- Description of the task
Below is a listing. Set down exactly the lines from the one containing "Перчатки тактические полевые" through the one containing "Cavola | Chessex", both ends included, and leave out the rest.

- Extracted entries

+--

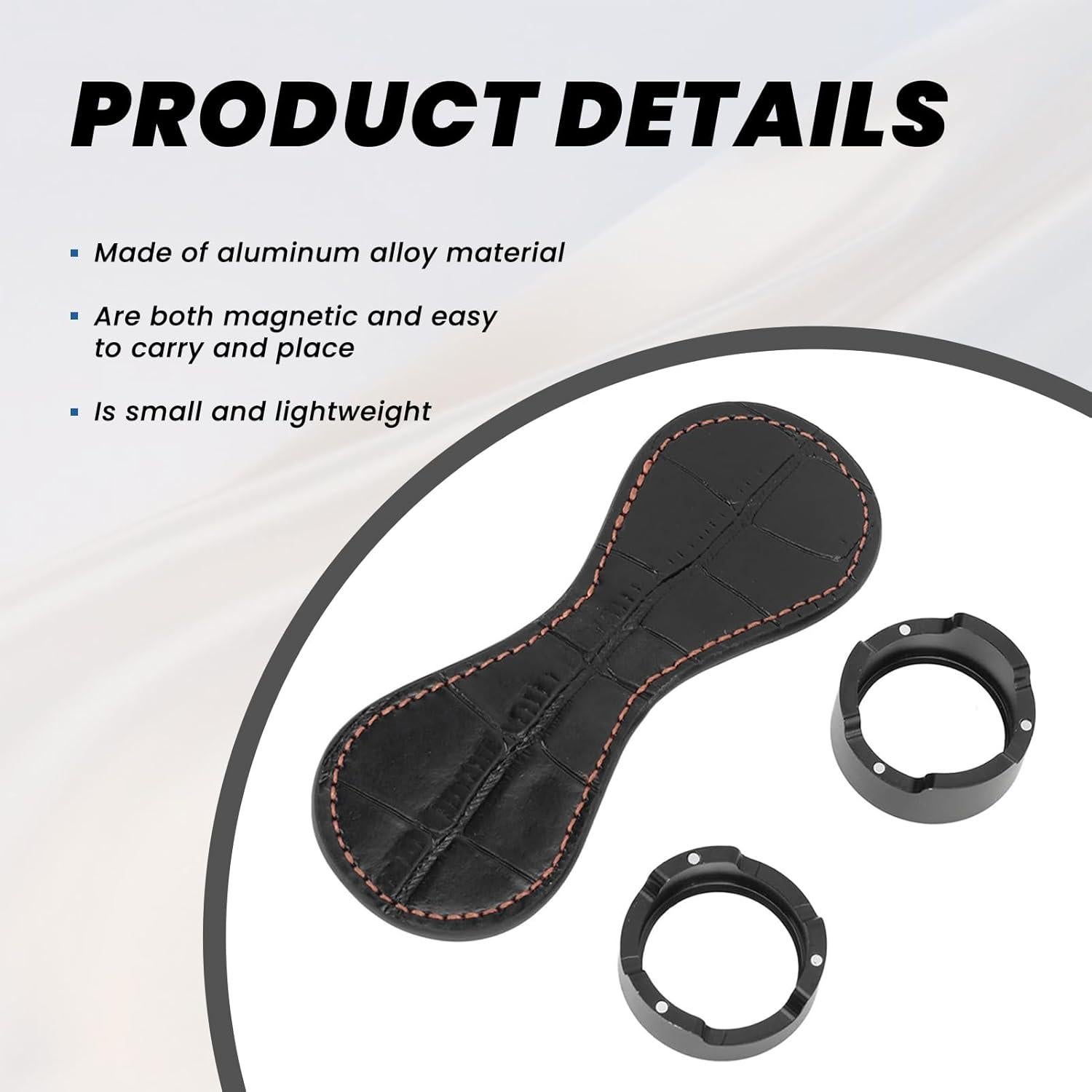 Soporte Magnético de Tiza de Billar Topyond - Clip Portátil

+--

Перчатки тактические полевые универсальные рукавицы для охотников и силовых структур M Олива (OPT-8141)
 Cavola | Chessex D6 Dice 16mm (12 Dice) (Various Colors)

+--

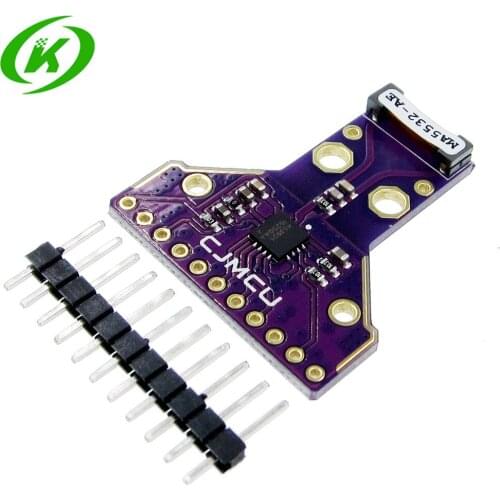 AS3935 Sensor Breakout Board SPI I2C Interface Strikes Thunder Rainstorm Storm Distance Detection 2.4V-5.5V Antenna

+--

- Answer for this exercise
Перчатки тактические полевые универсальные рукавицы для охотников и силовых структур M Олива (OPT-8141)
 Cavola | Chessex D6 Dice 16mm (12 Dice) (Various Colors)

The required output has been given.